Official name: Kingdom of Morocco
Population: 33.2 million
Capital City: Rabat
Languages: Arabic and Berber are the official languages of Morocco, while French is taught universally and serves as Morocco’s primary language of commerce. Spanish and English are also widely spoken (by about 21% and 14% of the population, respectively)
Geography: Morocco is slightly larger than the state of California and is located in northern Africa.

Culture in Morocco:

Check out the Rough Guide to Moroccan culture and etiquette for a brief introduction!

Non-verbal communication:

  • When greeting someone in Morocco, Moroccans shake hands then touch their heart.
  • Once a relationship has developed, it is common to kiss on both cheeks, starting with the left cheek while shaking hands, men with men and women with women.

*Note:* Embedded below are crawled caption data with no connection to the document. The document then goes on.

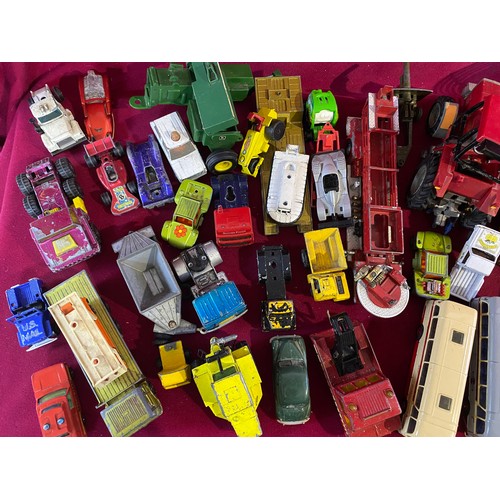 28 - Box of assorted vintage diecast cars.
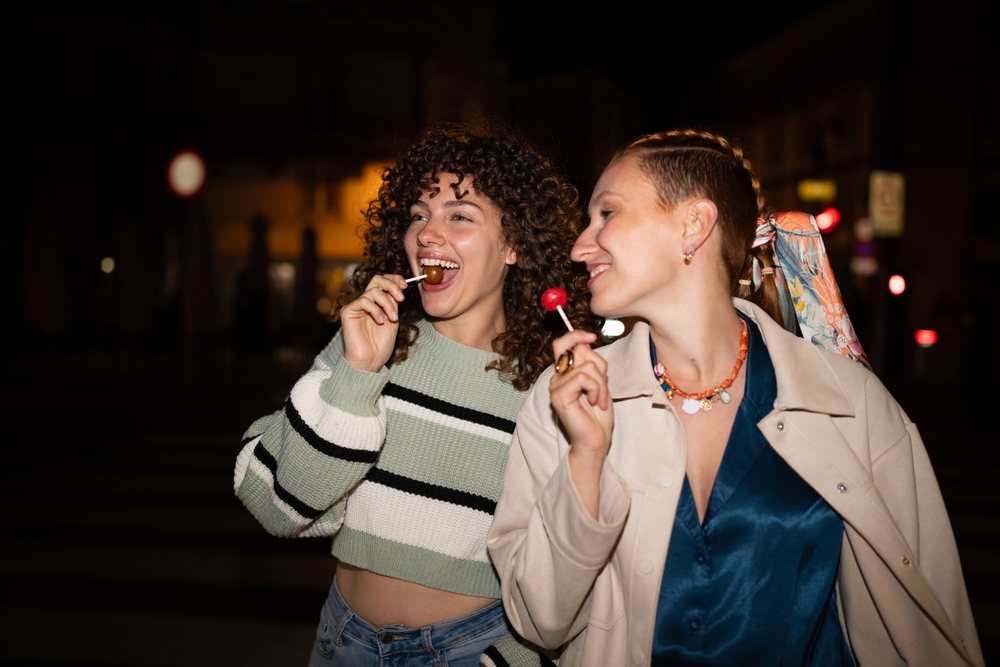 Two white women enjoying lollipops together at night in the city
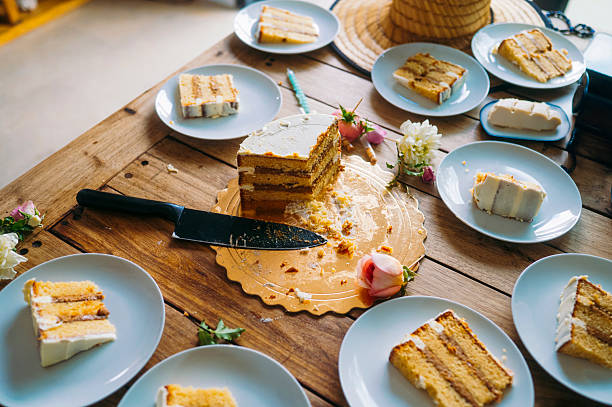 istock Half-eaten layered cake on wooden table with plates. 2244569234
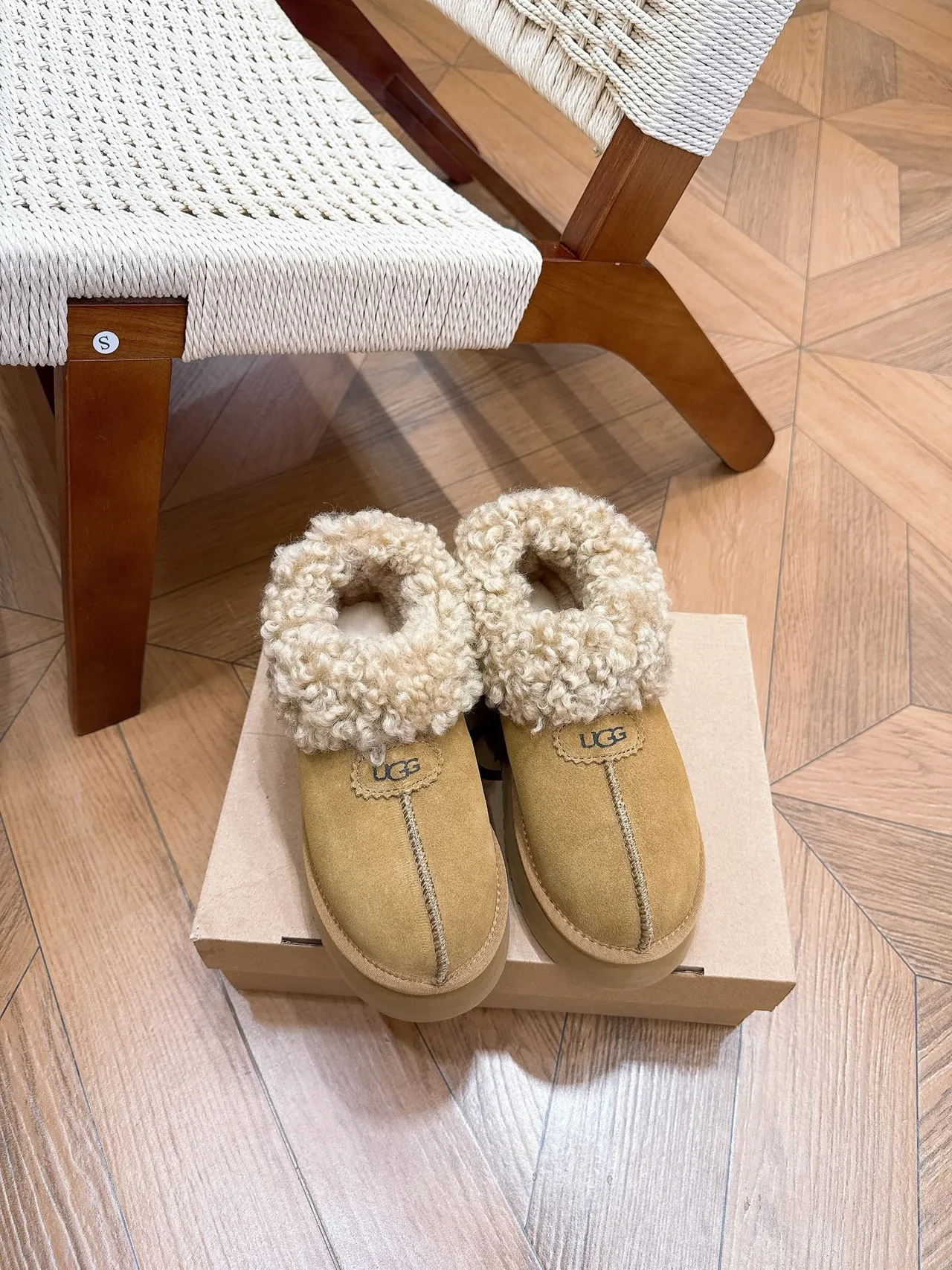 UGG Cowhide Wool Round-Toe Slippers in Brown · view 1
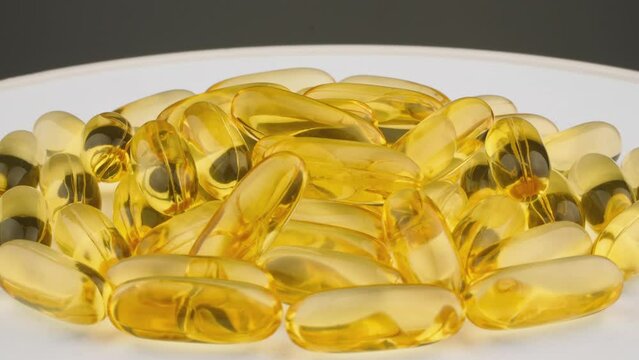 Medicines and nutritional supplements of vitamin d. Fish oil in omega fatty acids. Pills and tablets for health maintenance and prevention and treatment. Vitamins in capsules spinning on a plate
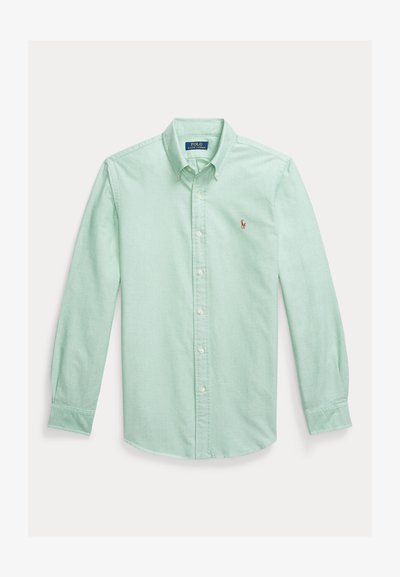 Šviesiai žalia medvilninė marškiniai su sagomis, ilgomis rankovėmis, smailia apykakle ir mažyliu siuvinėtu logotipu kairiajame krūtinės plote.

Other customs to be familiar with:

Two foods that you will see throughout your trip to Morocco are couscous, made with seminola grains, and harira soup, a national dish that is composed of bouillon, beef or mutton, onions, saffron, and walnuts. Note that schools and businesses close at noon each day in order to enjoy a midday meal for 2-3 hours.

Upheld by Islamic law, Muslims don’t partake in the consumption of alcoholic beverages.

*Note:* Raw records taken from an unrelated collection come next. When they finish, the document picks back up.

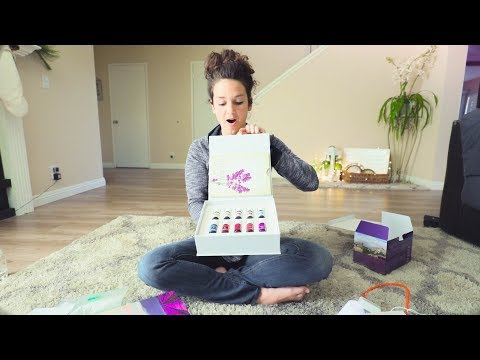 Woman sitting cross-legged on a living room rug opens a white gift box revealing multiple colorful nail polish bottles, surprised expression on her face.
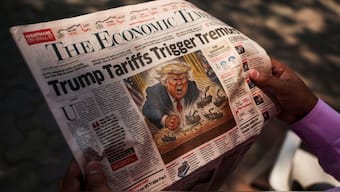 A man reads a newspaper outside the Bombay Stock Exchange (BSE) after Trump's tariff plan announcement, in Mumbai, on April 4. The levies have led to fears of global recession as a trade war looms. Reuters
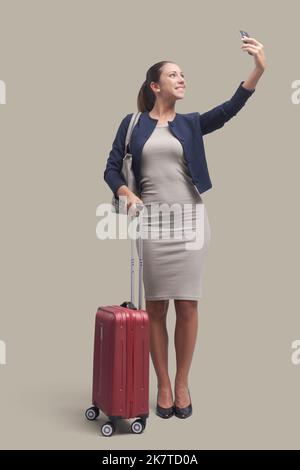 Giovane donna d'affari che viaggia e utilizza uno smartphone, sorride e prende un selfie Foto Stock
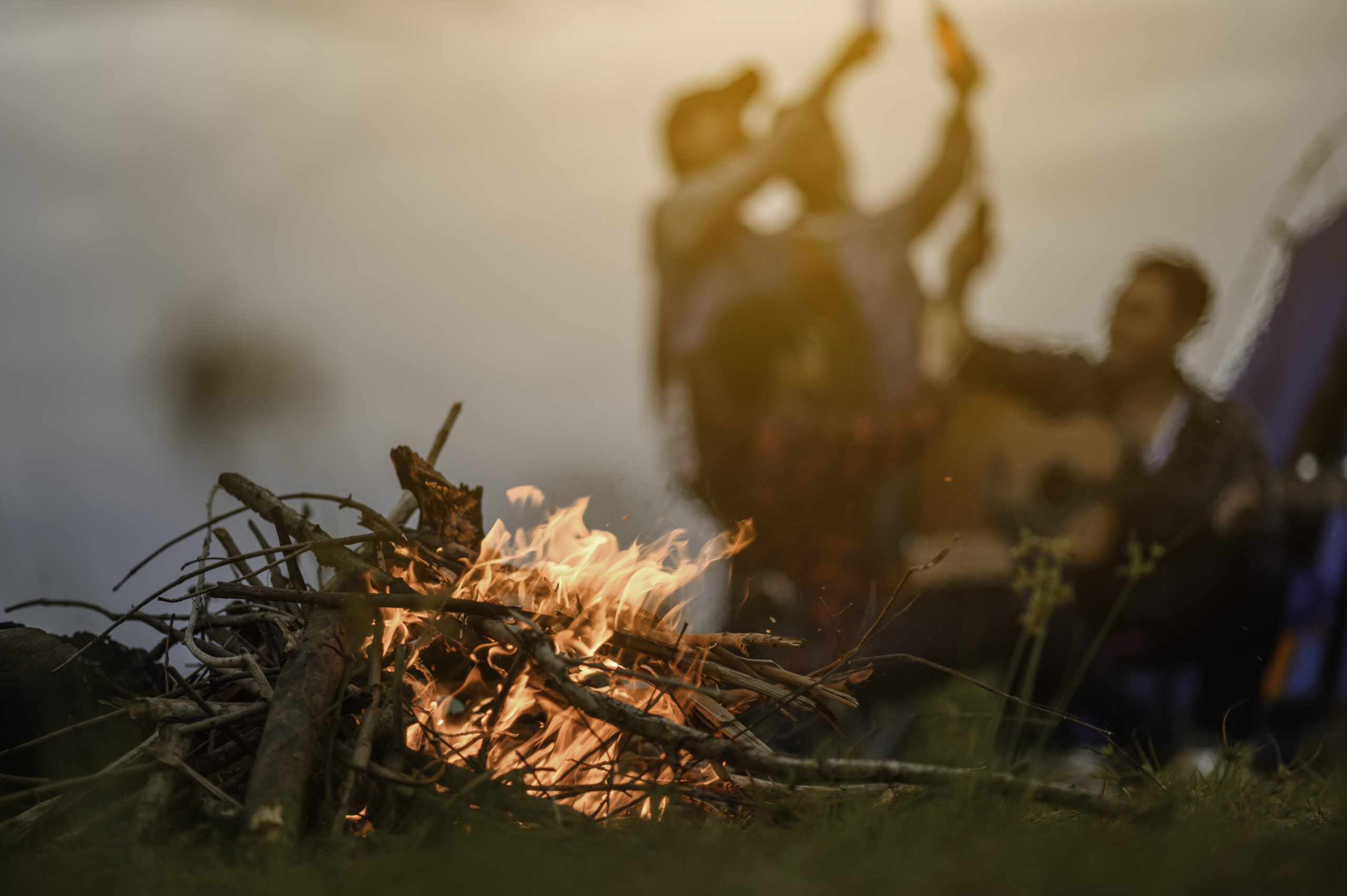 Group of friends camping.They are sitting around fire camp.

If you are invited to someone’s home, remember to take off your shoes when you enter their house.

Before a meal, a washing basin will be brought to the table before the meal is served. Hold your hands over the basin while water is poured over them. Dry your hands on the towel provided.

DO: Scoop the food with a piece of bread or the thumb and first two fingers of the right hand.  Eat with the right hand.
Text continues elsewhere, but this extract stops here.